GENEVA: More than 1 million refugees and “irregular migrants” have entered Europe in this record-breaking year, the International Organisation for Migration said on Tuesday, a symbolic milestone driven by war, poverty and persecution in the Middle East and Africa.

With just days left in 2015, the Geneva-based inter-governmental organisation said 1,005,504 people had entered Europe as of Monday, more than four times as many as last year.

Almost all came by sea, while 3,692 others drowned trying to make the crossing. IOM director-general William Lacy Swing urged European governments to make migration safer.

“We know migration is inevitable. It’s necessary and it’s desirable,” he said, adding: “Migration must be legal, safe and secure for all — both for the migrants themselves and the countries that will become their new home.”

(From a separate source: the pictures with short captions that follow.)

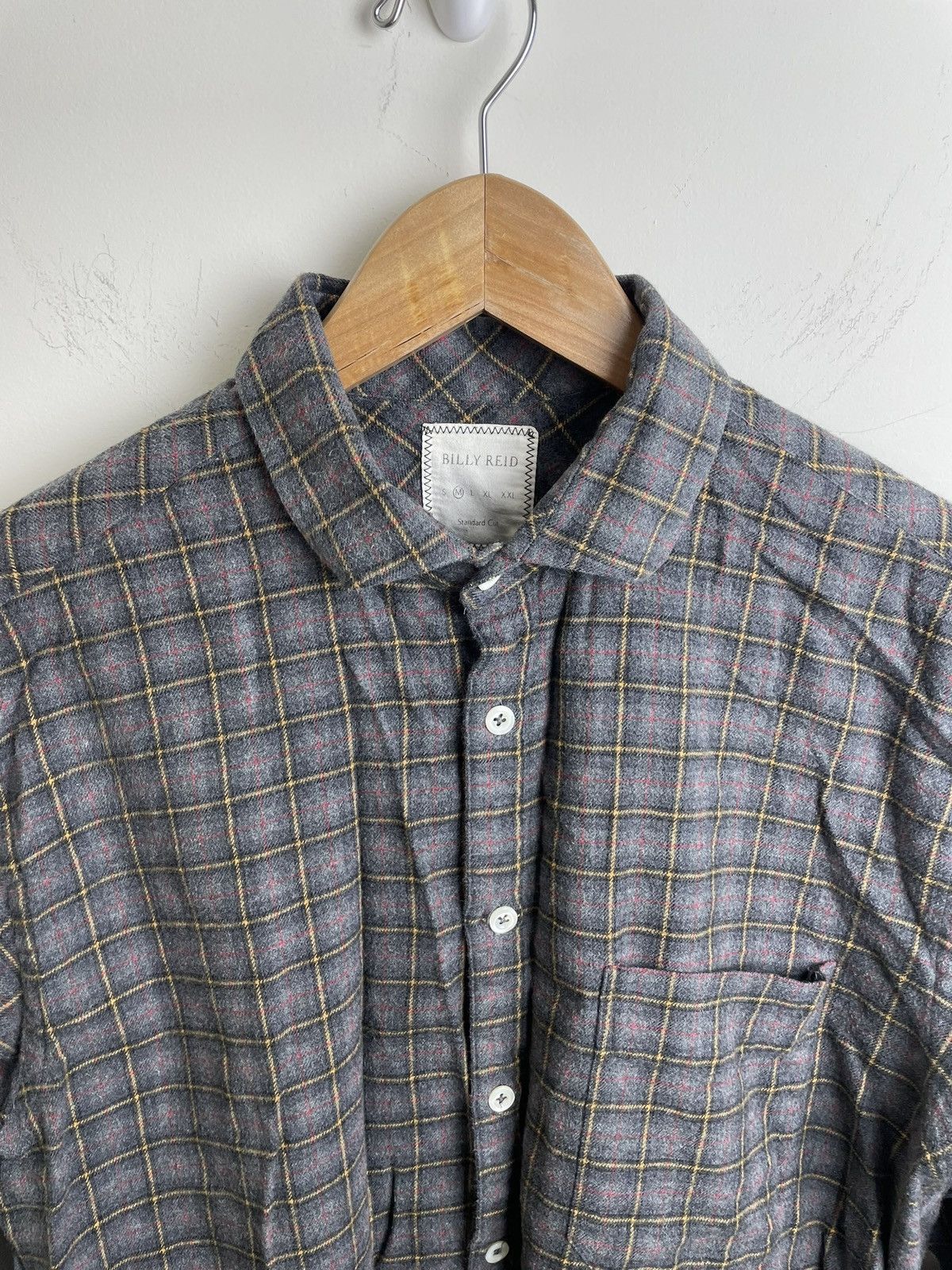 Billy Reid Plaid Cotton Shirt Made in Italy Size US M / EU 48-50 / 2 - 3 Thumbnail
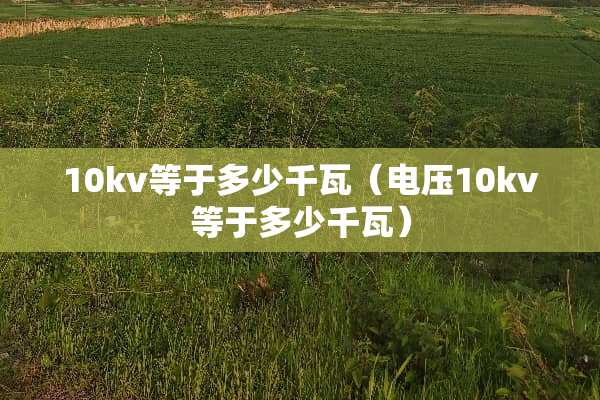 10kv等于多少千瓦（电压10kv等于多少千瓦）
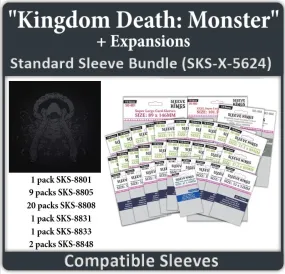 "Kingdom Death Monster"   Expansions Compatible Card Sleeve Bundle (8801 x 1, 8805 X 9   8808 X 20  8831 X 1   8833 X 1, 8848 x 2)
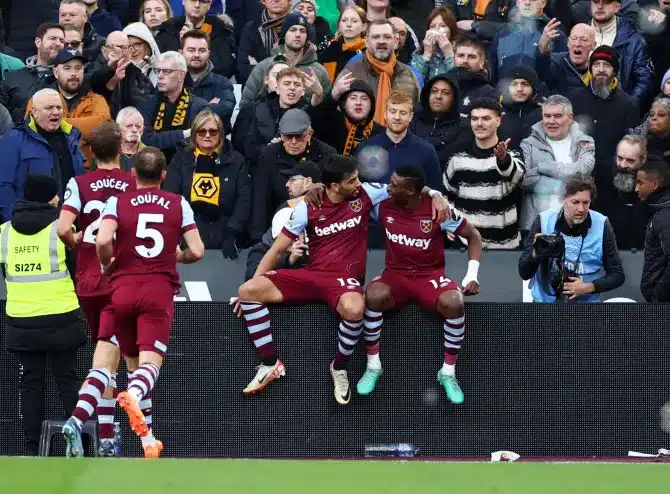 EPL: Mohammed Kudus brace inspires West Ham's 3-0 win over Wolves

The IOM compiles the numbers from government records in Greece, Italy, Bulgaria, Spain, Malta and Cyprus, spokesman Joel Millman said.

He noted that the real number of people entering Europe may be even larger, because authorities are struggling to track all arrivals given the sheer volume. Most of the people entered Europe via Greece, which took in more than 820,000 people this year, nearly all of them crossing from Turkey by boat across the Aegean Sea.

Another 150,000 came into Italy across the Mediterranean from north Africa while smaller numbers crossed from Turkey by land into neighboring Greece and Bulgaria. Much smaller numbers arrived by boat to other Mediterranean countries. Others — not accounted for in the IOM tally crossed into Europe across other borders, such as a route from Russia to Norway where a few thousand people have crossed by bicycle. About half of the people entering Europe were Syrians, while 20 per cent were Afghans and 7 per cent Iraqis, IOM said.

Of the deaths, 2,889 were people travelling from north Africa to Italy, the IOM said, 706 drowned trying to cross the Aegean to Greece and 72 died trying to reach Spain.

The war in Syria was particularly key in driving the numbers of people moving into Europe to levels not seen in half a century. European governments have struggled to agree on a response, arguing about how welcoming they should be and how best to manage the flows.